En effet, libéré de prison avec 200 euros en poche, et déterminé à s’en sortir, il avait commencé par s’inscrire dans une agence d’intérim, puis avait acheté un téléphone portable – il n’y a pas de téléphone chez son frère –, convaincu qu’il serait rapidement contacté par un employeur désireux de le recruter. En outre, comme il avait été sensibilisé en prison à l’importance de l’apparence extérieure, et notamment d’une bonne dentition, il était allé chez le dentiste. Et, après avoir payé la consultation, il s’était rendu compte qu’il n’avait plus d’argent.
Il avait alors décidé de solliciter sa tutrice. Mais, comme cette dernière habite à Nantes, elle ne pouvait lui fournir d’argent que par virement. Et Monsieur B. ne pouvait pas ouvrir de compte bancaire, puisque sa carte d’identité était périmée !
Sa seule possibilité était donc de se rendre jusqu’à Nantes. Sauf qu’il n’avait plus assez d’argent pour acheter un billet de train. Il a donc voyagé sans payer et s’est vu infliger une amende par le contrôleur. En plus, comme il n’avait pas téléphoné avant de venir, une fois arrivé sur place, il s’est rendu compte que sa tutrice n’était pas là. Il est donc revenu à Châteaubourg en train, là encore sans payer, ce qui lui a valu une deuxième amende. Ayant absolument besoin d’argent, ne serait-ce que pour se nourrir ou s’habiller, il est retourné à Nantes dans les mêmes conditions, et s’est encore fait contrôler. Au total, quand je l’ai rencontré, il devait payer six amendes de cinquante-quatre euros chacune, correspondant à trois allers-retours entre Châteaubourg et Nantes. Cela commençait à faire beaucoup.

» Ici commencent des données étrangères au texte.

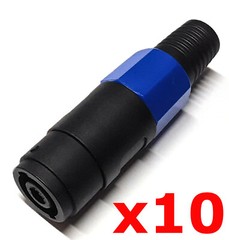 10 Pack – Female 4 Pole Conductor Cable Connector for SPEAKON Audio Loudspeaker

Monsieur B., qui affirmait être déterminé à s’en sortir, demandait de l’aide. Sa tutrice décida de lui envoyer un mandat. Mais, à la poste, il ne pouvait pas récupérer l’argent envoyé, puisque sa carte d’identité était périmée. Et, n’ayant pas d’argent, il ne pouvait pas faire les photos d’identité indispensables pour l’obtention d’une nouvelle carte.
Au sein de la mairie, nous avons réussi à débloquer pour partie la situation, notamment en appelant la poste. Mais sa tutrice demeurait toujours à Nantes, et le suivi n’était pas réalisé. Comme nous n’avions pas accès au dossier et ne disposions pas de l’ensemble des éléments, il ne nous était pas possible de l’aider correctement.
Alors, il a récidivé. Au bout de plusieurs mois, il m’a écrit de prison, m’expliquant qu’il voulait toujours s’en sortir. Il voulait que nous le recevions, pour l’aider. J’ai dit que je ferais ce que je pourrais.
Il a de nouveau récidivé, après être sorti une deuxième fois de prison. Aujourd'hui, il y est retourné.
Vous me direz qu’il s’agit d’un cas particulier et que la gauche a tellement tempêté contre le fait de légiférer à partir de cas particuliers. Vous avez raison, on ne légifère pas à partir de cas particuliers quand il s’agit de faits divers exceptionnels, certes médiatiques et médiatisés. Mais le cas de Monsieur B. n’est pas un fait divers exceptionnel et médiatisé. Monsieur B. est un monsieur comme tant d’autres. À l’instar de 80 % de ceux qui sortent de prison, il n’a pas été accompagné une fois sa peine accomplie et n’avait donc aucune chance de réussir à se réinsérer.
Monsieur B. m’avait dit qu’il avait fait des erreurs, et qu’il les avait payées. Il ne voulait pas les réitérer, mais il n’a pas réussi.
Madame la garde des sceaux, nous vous suivrons bien évidemment sur ce texte, qui s’attaque au réel problème de la prison, sanction comprise… ou non comprise. Surtout, il s’agit de ne plus voir de Monsieur B., d’empêcher les sorties de prison non accompagnées, à l’origine de nombreuses récidives, malgré toute la volonté des personnes concernées.
Ce texte est très loin du laxisme dont on l’accuse.